Maksudnya jika anda meyakini kemustahilan terjadinya kontradiksi, namun pada saat yang sama setiap wujud akan menghasilkan ketiadaan dan setiap ketiadaan akan menghasilkan wujud, maka tentu logika manusia tak lagi bermakna dan bahkan hanya akan menghancurkan logika fitrawi manusia. Oleh karenanya Hegel tidak bermaksud membenturkan logika dialektikanya dengan logika Aristotelian. Karena Hegel pun memahami dengan baik logika Aristotelian sehingga bisa mengatakan dialektika ada sekaligus tidak ada, kontradiksi sekaligus tidak kontradiksi. Sebab itu Hegel ingin memberikan pemaknaan yang lain tentang kontradiksi.

Hegel saat memberikan penjelasan tentang logika dialektikanya mengatakan, "saya mengatakan setiap sesuatu mengandung anti-tesa, lawan atas dirinya sendiri di dalam dirinya.
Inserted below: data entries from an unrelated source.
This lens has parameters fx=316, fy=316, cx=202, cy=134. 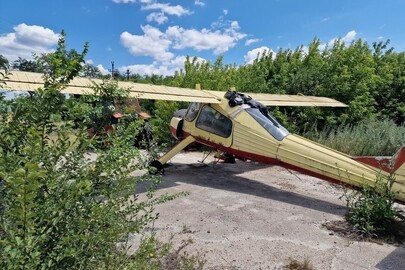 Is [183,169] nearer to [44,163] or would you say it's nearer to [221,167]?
[221,167]

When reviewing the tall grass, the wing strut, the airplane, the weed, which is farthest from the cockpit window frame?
the weed

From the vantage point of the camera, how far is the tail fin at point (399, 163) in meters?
4.72

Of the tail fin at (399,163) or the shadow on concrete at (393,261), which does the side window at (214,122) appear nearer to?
the tail fin at (399,163)

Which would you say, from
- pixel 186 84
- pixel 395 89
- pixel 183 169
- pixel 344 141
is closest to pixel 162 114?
pixel 186 84

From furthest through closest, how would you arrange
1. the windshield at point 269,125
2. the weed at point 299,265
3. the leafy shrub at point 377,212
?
the windshield at point 269,125, the leafy shrub at point 377,212, the weed at point 299,265

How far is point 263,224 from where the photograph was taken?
4961 mm

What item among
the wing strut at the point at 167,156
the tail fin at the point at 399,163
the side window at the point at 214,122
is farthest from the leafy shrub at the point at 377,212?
the wing strut at the point at 167,156

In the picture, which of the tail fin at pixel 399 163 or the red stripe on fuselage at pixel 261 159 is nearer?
the tail fin at pixel 399 163

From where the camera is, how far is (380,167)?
5.36 meters

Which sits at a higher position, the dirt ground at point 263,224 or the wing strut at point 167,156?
the wing strut at point 167,156

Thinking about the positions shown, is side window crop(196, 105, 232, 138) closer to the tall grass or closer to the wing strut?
the wing strut

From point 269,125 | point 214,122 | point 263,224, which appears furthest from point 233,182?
point 263,224

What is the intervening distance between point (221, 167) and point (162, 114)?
14.2 feet

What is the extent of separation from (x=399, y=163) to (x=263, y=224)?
2252mm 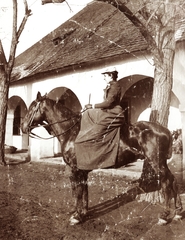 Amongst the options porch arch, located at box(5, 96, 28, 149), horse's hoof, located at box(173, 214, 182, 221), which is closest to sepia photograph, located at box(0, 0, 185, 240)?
horse's hoof, located at box(173, 214, 182, 221)

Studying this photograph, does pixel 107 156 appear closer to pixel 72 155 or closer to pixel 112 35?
pixel 72 155

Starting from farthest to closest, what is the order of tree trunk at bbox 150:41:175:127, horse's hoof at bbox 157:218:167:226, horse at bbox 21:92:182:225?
tree trunk at bbox 150:41:175:127, horse at bbox 21:92:182:225, horse's hoof at bbox 157:218:167:226

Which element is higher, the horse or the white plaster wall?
the white plaster wall

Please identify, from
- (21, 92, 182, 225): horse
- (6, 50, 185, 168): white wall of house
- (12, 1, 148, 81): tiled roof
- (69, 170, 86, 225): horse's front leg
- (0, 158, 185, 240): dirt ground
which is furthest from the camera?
(12, 1, 148, 81): tiled roof

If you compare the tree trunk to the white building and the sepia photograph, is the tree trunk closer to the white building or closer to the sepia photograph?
the sepia photograph

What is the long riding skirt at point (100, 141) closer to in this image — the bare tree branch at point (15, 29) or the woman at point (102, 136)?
the woman at point (102, 136)

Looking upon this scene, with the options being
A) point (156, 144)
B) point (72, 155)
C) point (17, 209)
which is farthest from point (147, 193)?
point (17, 209)

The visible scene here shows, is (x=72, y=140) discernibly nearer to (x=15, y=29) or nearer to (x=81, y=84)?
(x=15, y=29)

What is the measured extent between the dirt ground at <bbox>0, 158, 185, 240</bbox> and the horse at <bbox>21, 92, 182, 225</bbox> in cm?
36

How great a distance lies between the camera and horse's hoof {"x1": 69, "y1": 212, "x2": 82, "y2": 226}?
4.77 metres

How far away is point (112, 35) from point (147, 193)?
5547mm

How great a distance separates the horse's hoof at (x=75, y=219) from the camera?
4.77m

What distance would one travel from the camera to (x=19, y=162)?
10938 mm

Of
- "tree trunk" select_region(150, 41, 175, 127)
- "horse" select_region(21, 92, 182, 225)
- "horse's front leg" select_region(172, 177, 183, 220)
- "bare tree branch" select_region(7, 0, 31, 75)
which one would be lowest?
"horse's front leg" select_region(172, 177, 183, 220) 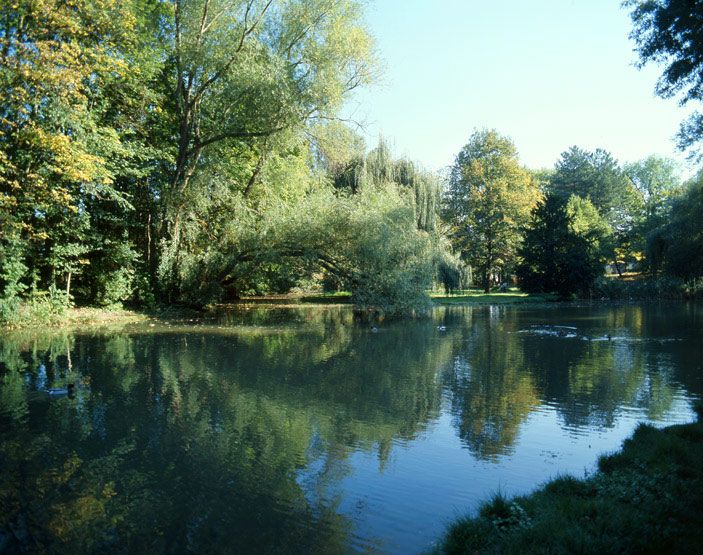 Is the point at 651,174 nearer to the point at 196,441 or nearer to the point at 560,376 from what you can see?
the point at 560,376

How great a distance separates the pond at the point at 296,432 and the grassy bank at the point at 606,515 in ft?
1.78

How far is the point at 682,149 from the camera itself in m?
14.9

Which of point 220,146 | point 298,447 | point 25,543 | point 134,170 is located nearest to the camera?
point 25,543

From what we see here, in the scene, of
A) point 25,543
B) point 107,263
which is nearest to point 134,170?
point 107,263

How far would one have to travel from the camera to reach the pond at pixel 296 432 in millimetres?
5223

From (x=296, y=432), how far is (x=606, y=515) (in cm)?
455

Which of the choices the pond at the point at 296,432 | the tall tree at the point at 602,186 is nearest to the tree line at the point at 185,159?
the pond at the point at 296,432

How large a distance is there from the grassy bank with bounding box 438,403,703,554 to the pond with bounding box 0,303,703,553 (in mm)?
543

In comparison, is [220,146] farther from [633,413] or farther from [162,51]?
[633,413]

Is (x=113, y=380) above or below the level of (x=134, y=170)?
below

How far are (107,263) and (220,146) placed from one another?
8.33 meters

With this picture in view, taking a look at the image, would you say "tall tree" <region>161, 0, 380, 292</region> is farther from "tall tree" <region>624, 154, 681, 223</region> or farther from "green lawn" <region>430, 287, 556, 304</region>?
"tall tree" <region>624, 154, 681, 223</region>

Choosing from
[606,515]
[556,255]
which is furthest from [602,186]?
[606,515]

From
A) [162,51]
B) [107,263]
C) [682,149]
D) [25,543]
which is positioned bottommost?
[25,543] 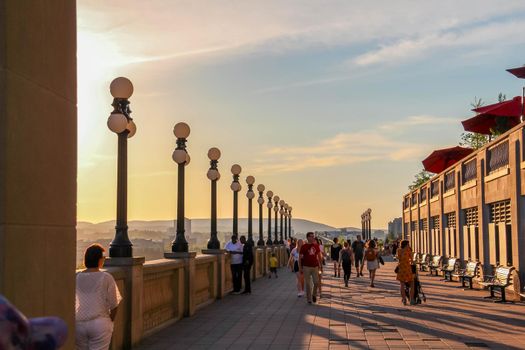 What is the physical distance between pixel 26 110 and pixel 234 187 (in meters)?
25.3

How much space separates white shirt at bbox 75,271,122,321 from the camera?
7.55 metres

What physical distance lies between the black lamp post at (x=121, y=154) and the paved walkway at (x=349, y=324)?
1.69 metres

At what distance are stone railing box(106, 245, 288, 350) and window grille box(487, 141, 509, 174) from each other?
8.54m

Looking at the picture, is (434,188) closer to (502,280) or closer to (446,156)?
(446,156)

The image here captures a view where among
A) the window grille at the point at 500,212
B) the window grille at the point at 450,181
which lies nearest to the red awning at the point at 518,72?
the window grille at the point at 500,212

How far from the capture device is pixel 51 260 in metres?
5.56

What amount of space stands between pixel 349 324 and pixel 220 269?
7897mm

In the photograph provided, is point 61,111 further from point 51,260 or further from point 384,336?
point 384,336

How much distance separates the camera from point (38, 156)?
5328mm

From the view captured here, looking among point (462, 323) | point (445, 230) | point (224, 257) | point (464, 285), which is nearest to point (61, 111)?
point (462, 323)

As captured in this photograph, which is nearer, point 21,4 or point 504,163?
point 21,4

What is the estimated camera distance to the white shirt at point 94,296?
24.8ft

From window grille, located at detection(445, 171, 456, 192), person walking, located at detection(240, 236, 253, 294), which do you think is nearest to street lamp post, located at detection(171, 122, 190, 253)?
person walking, located at detection(240, 236, 253, 294)

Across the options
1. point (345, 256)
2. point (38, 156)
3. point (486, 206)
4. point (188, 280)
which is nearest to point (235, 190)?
point (345, 256) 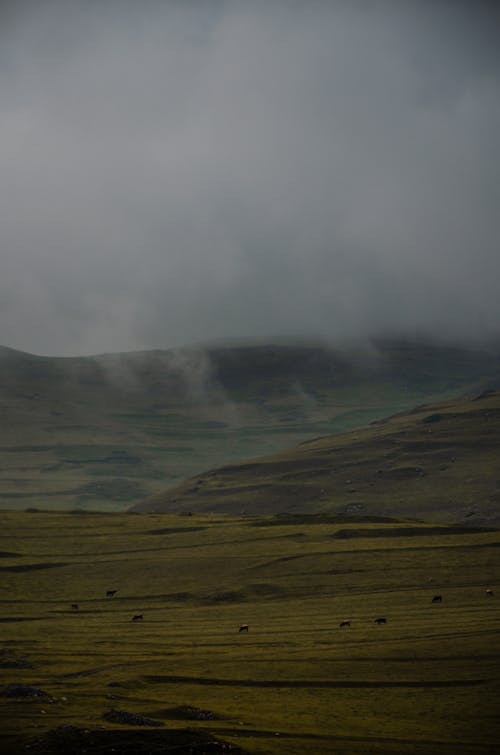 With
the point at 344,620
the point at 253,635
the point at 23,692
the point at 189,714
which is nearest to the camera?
the point at 189,714

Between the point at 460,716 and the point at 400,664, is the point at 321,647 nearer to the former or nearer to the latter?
the point at 400,664

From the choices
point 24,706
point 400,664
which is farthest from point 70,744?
point 400,664

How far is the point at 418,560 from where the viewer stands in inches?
5133

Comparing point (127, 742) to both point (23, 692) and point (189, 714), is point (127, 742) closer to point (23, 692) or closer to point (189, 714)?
point (189, 714)

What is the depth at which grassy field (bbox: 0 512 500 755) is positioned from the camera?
5691 cm

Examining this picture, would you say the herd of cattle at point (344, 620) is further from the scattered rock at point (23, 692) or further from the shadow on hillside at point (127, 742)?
the shadow on hillside at point (127, 742)

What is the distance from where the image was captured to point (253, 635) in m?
91.4

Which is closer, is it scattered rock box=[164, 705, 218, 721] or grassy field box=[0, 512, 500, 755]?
grassy field box=[0, 512, 500, 755]

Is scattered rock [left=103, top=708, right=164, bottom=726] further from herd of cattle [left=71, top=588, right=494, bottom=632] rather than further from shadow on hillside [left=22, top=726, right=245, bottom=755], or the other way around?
herd of cattle [left=71, top=588, right=494, bottom=632]

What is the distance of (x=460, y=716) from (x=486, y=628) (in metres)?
25.9

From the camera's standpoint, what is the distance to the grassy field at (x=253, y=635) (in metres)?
56.9

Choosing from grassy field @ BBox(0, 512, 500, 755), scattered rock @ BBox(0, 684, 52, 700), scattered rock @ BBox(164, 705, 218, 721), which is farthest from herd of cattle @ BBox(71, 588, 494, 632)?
scattered rock @ BBox(164, 705, 218, 721)

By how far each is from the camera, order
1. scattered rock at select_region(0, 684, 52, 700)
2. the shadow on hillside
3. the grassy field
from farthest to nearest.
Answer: scattered rock at select_region(0, 684, 52, 700), the grassy field, the shadow on hillside

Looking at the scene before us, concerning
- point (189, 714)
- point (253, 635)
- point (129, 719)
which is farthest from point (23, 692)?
point (253, 635) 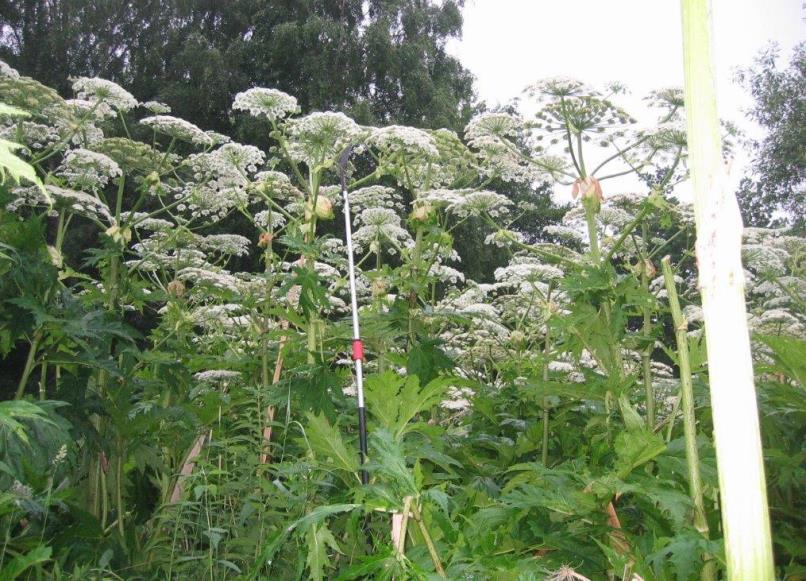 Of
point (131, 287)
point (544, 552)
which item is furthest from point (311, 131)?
point (544, 552)

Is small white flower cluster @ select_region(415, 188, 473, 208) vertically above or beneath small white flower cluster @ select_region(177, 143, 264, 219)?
beneath

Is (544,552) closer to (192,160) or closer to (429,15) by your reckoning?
(192,160)

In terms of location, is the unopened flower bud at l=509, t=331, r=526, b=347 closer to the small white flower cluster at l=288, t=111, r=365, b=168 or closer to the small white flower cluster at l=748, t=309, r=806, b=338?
the small white flower cluster at l=748, t=309, r=806, b=338

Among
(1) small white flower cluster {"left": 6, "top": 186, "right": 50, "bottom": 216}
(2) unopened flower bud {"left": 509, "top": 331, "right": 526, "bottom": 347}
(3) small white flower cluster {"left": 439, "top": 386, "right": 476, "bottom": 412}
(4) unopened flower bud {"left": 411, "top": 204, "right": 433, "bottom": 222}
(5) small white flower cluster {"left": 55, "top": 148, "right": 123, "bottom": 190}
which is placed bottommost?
(3) small white flower cluster {"left": 439, "top": 386, "right": 476, "bottom": 412}

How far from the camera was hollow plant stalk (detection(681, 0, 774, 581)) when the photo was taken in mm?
547

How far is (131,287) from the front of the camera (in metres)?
3.21

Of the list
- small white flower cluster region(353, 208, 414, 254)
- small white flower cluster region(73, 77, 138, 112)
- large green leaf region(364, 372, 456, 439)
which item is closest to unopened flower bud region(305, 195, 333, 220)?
small white flower cluster region(353, 208, 414, 254)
Namun pengertian anti-tesa atau lawan atas dirinya adalah dalam pemaknaan 'meliputi', bukan dalam pemaknaan tesa adalah anti-tesa itu sendiri sebagai realitas yang tunggal yang akan meniscayakan kontradiksi. Jadi perlu dipahami, istilah 'meliputi' beda dengan istilah kontradiksi pada satu realitas objek.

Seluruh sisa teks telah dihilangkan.